» **WORK TASK**:
Within the records that follow, restate exactly the lines from the line with "The other sweet" down to the line with "And that's it", including both. Omit the pictures.
*** Opening DATA PROVIDED ***
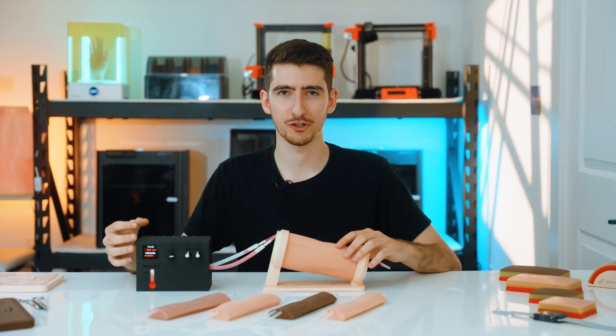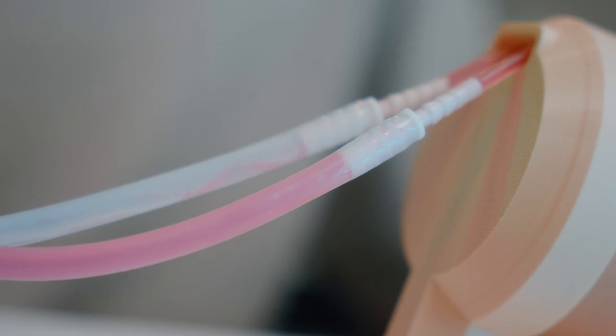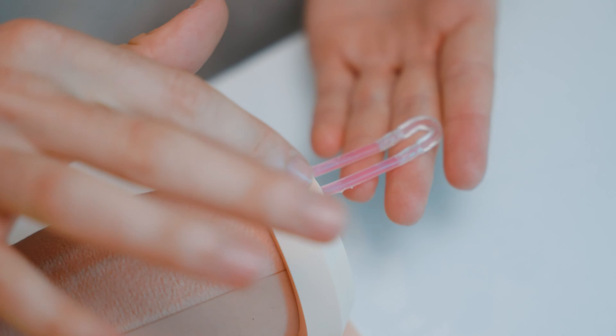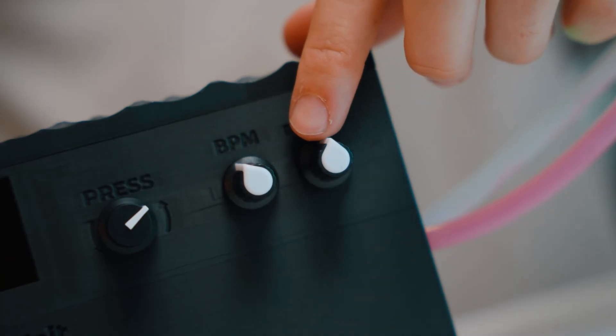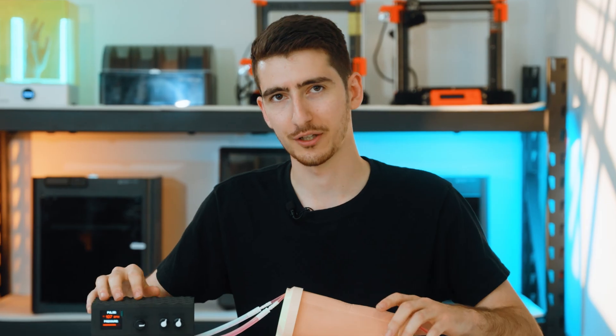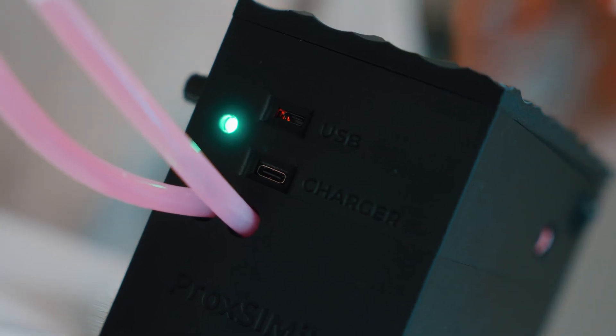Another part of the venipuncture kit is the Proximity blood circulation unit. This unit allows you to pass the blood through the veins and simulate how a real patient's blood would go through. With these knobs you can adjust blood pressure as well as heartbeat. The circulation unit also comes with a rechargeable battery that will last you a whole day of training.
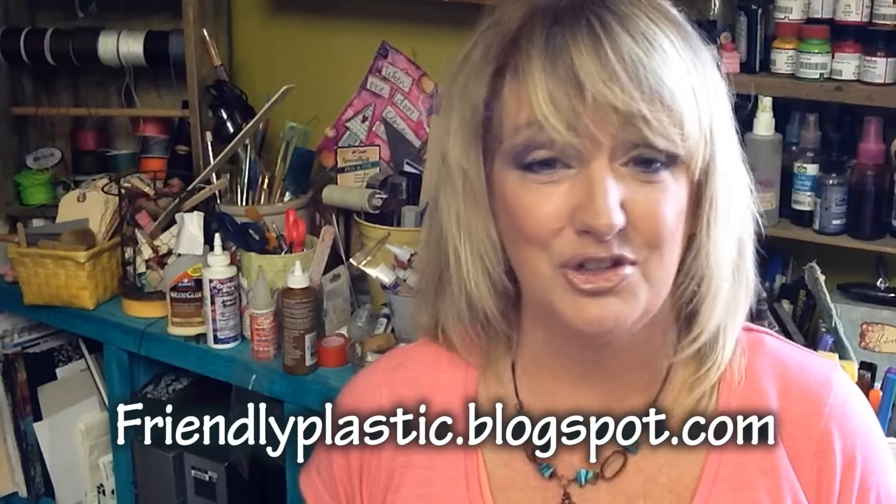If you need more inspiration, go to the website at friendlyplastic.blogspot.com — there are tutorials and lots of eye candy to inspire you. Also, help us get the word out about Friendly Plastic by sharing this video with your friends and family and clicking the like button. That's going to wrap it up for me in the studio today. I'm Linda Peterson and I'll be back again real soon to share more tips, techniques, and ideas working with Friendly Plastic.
*** Closing DATA PROVIDED ***
*** Opening DATA PROVIDED ***
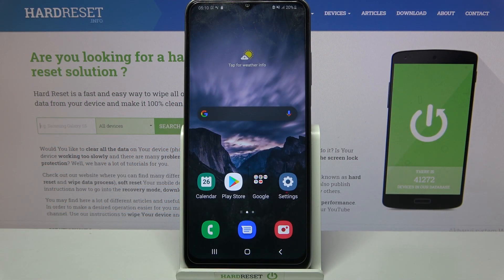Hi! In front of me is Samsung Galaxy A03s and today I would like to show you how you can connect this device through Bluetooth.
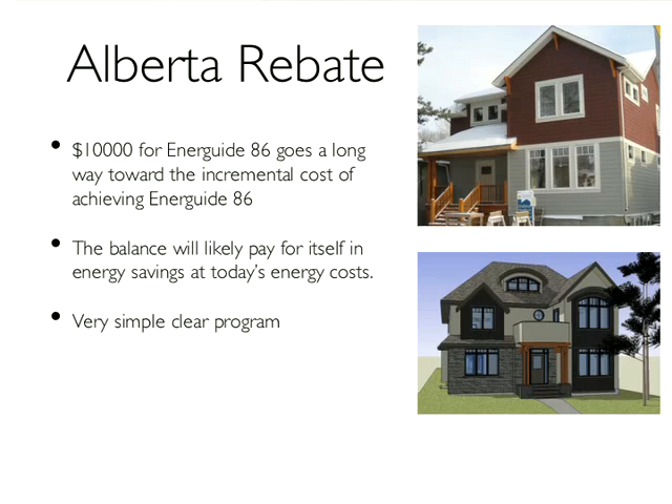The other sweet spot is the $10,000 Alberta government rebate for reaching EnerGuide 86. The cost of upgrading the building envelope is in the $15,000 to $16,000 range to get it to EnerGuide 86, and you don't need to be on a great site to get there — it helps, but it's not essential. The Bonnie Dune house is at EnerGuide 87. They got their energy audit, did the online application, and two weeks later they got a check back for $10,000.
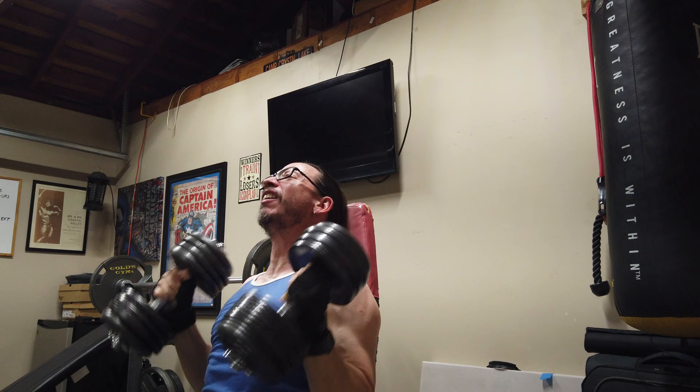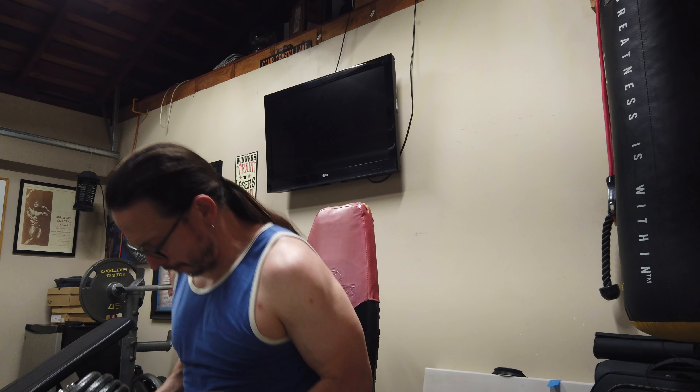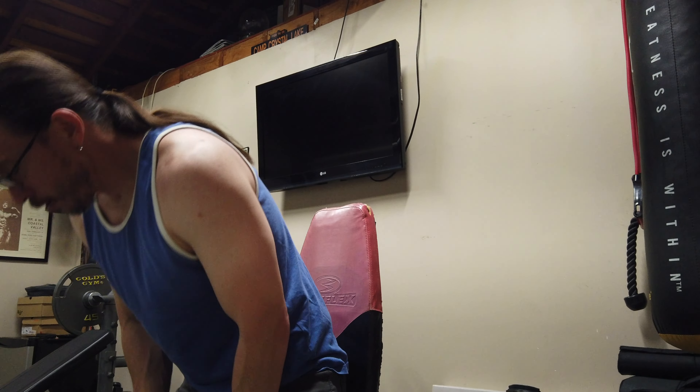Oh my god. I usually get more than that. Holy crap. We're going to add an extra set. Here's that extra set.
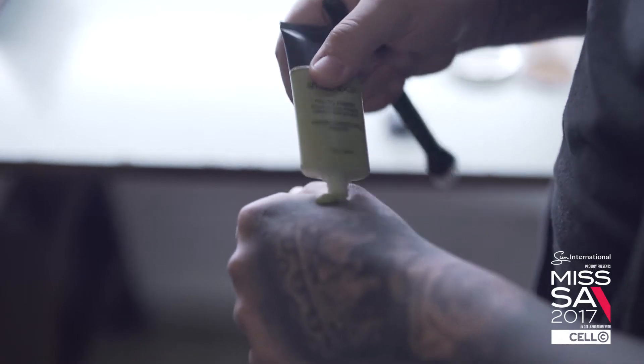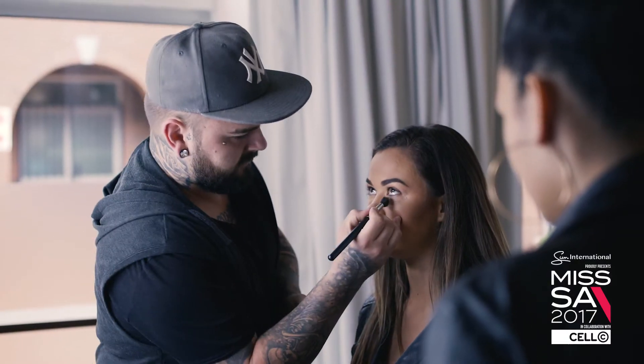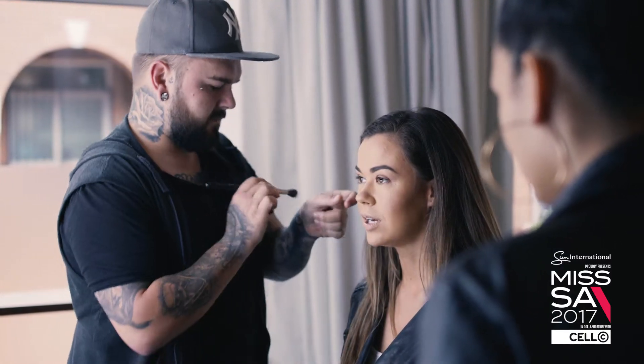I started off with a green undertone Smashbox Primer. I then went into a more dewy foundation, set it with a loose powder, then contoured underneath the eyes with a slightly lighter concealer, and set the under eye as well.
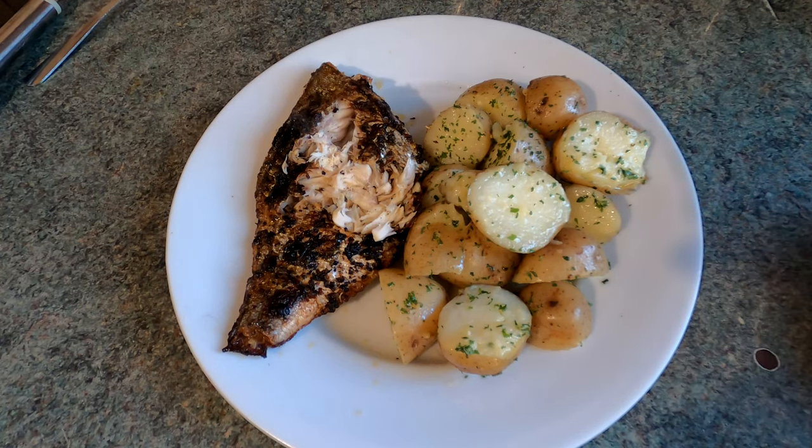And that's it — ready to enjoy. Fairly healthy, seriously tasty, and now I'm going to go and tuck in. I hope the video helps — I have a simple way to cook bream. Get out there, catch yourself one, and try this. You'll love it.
*** Closing DATA PROVIDED ***
» **OUTPUT FOR THIS EXERCISE**:
The other sweet spot is the $10,000 Alberta government rebate for reaching EnerGuide 86. The cost of upgrading the building envelope is in the $15,000 to $16,000 range to get it to EnerGuide 86, and you don't need to be on a great site to get there — it helps, but it's not essential. The Bonnie Dune house is at EnerGuide 87. They got their energy audit, did the online application, and two weeks later they got a check back for $10,000.
Oh my god. I usually get more than that. Holy crap. We're going to add an extra set. Here's that extra set.
I started off with a green undertone Smashbox Primer. I then went into a more dewy foundation, set it with a loose powder, then contoured underneath the eyes with a slightly lighter concealer, and set the under eye as well.
And that's it — ready to enjoy. Fairly healthy, seriously tasty, and now I'm going to go and tuck in. I hope the video helps — I have a simple way to cook bream. Get out there, catch yourself one, and try this. You'll love it.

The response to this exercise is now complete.